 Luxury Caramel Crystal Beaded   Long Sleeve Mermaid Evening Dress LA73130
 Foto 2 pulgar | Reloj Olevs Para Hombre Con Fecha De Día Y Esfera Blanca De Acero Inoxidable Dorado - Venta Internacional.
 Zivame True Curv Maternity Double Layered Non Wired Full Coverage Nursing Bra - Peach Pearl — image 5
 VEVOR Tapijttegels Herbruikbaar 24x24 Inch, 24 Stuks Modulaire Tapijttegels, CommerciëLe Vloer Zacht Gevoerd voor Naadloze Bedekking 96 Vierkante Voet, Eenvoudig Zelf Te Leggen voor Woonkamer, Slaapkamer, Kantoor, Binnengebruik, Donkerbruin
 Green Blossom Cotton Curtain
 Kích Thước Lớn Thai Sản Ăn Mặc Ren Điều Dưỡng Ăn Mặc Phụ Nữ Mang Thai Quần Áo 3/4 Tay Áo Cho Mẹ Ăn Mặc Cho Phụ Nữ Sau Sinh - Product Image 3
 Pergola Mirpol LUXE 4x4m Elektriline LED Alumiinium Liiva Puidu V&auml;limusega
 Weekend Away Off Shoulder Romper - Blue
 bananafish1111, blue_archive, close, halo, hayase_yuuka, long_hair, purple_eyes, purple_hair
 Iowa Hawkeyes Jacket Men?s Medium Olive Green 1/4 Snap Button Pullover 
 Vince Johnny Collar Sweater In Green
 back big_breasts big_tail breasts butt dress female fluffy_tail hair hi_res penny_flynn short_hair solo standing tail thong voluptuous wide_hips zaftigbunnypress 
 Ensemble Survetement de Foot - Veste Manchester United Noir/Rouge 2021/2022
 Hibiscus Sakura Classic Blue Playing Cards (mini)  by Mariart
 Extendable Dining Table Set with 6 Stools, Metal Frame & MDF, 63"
▬▬▬
**Brief:** Return exactly the lines of the data, and only those, from the line with "Iowa Hawkeyes Jacket" through the last line, inclusive.

**Result of this task:**
 Iowa Hawkeyes Jacket Men?s Medium Olive Green 1/4 Snap Button Pullover 
 Vince Johnny Collar Sweater In Green
 back big_breasts big_tail breasts butt dress female fluffy_tail hair hi_res penny_flynn short_hair solo standing tail thong voluptuous wide_hips zaftigbunnypress 
 Ensemble Survetement de Foot - Veste Manchester United Noir/Rouge 2021/2022
 Hibiscus Sakura Classic Blue Playing Cards (mini)  by Mariart
 Extendable Dining Table Set with 6 Stools, Metal Frame & MDF, 63"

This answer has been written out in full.